Science/Research 詳細

SACLAにおける光渦照射による針状構造の形成-X線の波面制御と元素選択性を利用した新しい微細加工法の確立

April, 20, 2018, 和光--理化学研究所(理研)放射光科学研究センター放射光イメージング利用システム開発チームの香村芳樹チームリーダー、武井大客員研究員、ビームライン研究開発グループの矢橋牧名グループディレクターらの国際共同研究グループは、X線自由電子レーザ(XFEL)施設「SACLA」のX線を絞ると同時に波面を制御しながら試料に照射すると、X線のビーム幅よりはるかに細い、回折限界以下の針状の微細構造を形成できることを示した。
 研究成果は、XFEL施設のX線を使い、その波面制御を行いつつ物質に照射することで、新しい微細加工法の確立に貢献することが期待できる。
 今回、国際共同研究グループは、SACLAのX線レーザの波面を制御し中心強度ゼロで、周囲にマイクロメートル(µm)スケールのドーナツリングを持つ「光渦(ひかりうず)ビームを形成した。このビームを薄膜試料表面に照射し、試料表面で光解離(アブレーション)現象を起こした。その結果、クロムと金の多層膜を試料とした場合、針状の微細構造が生じ、その典型的な高さと幅はそれぞれ0.6µmと0.3µmだった。
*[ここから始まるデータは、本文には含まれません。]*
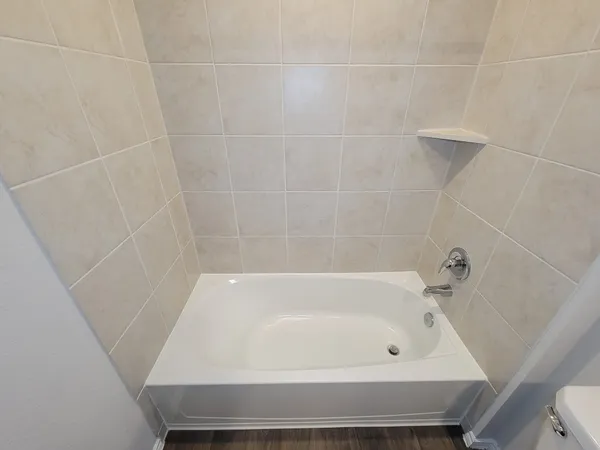 a bathroom with a toilet a sink and bathtub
また、元素分布ごとの3次元分布の時間変化を1ピコ秒(1兆分の1秒)程度の時間分解能で計算することで、アブレーションの過程や針状構造の形成過程を、異なった相を持つ2元素の元素分布及び相分布によって説明できることを示した。
 研究成果は、米国の科学雑誌『Applied Physics Letters』のオンライン版に掲載された。